(Material provided Opens)
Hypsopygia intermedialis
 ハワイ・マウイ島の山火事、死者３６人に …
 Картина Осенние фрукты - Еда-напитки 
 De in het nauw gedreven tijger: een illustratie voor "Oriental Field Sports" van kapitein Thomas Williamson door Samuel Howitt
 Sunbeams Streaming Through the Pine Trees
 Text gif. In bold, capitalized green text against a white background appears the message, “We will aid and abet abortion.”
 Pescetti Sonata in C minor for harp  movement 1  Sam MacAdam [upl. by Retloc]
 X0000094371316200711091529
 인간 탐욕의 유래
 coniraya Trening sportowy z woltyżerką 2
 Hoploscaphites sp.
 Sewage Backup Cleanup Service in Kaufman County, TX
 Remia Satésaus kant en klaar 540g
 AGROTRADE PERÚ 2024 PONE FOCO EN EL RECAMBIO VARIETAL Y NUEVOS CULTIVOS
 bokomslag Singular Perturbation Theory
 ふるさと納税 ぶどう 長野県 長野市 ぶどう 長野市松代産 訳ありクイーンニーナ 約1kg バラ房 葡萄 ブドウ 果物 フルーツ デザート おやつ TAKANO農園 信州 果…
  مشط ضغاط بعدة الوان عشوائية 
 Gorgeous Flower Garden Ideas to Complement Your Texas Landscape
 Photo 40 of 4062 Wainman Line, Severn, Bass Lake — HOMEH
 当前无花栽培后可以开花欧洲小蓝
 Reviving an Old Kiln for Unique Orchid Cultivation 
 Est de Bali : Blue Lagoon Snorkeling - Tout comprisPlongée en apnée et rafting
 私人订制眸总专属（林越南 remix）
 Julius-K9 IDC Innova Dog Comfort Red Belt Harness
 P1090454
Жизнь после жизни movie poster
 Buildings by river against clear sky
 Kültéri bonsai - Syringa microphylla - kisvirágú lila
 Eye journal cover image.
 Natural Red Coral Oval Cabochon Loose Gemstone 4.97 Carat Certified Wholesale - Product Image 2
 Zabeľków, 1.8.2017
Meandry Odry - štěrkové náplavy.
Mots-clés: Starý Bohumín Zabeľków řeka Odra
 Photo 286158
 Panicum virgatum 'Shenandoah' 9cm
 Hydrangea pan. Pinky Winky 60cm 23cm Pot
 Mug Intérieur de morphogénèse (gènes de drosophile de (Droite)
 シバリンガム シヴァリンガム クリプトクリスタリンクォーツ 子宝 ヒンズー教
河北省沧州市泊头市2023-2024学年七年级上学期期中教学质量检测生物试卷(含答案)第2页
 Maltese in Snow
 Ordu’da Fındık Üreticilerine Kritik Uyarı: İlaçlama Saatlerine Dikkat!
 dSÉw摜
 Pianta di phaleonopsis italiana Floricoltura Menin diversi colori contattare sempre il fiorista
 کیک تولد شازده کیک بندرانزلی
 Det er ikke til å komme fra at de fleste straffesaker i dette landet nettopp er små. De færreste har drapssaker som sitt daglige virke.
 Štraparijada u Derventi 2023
(Material provided Closes)
Say how many lines in the records hold the word "against", giving the number by itself.

Answer box
2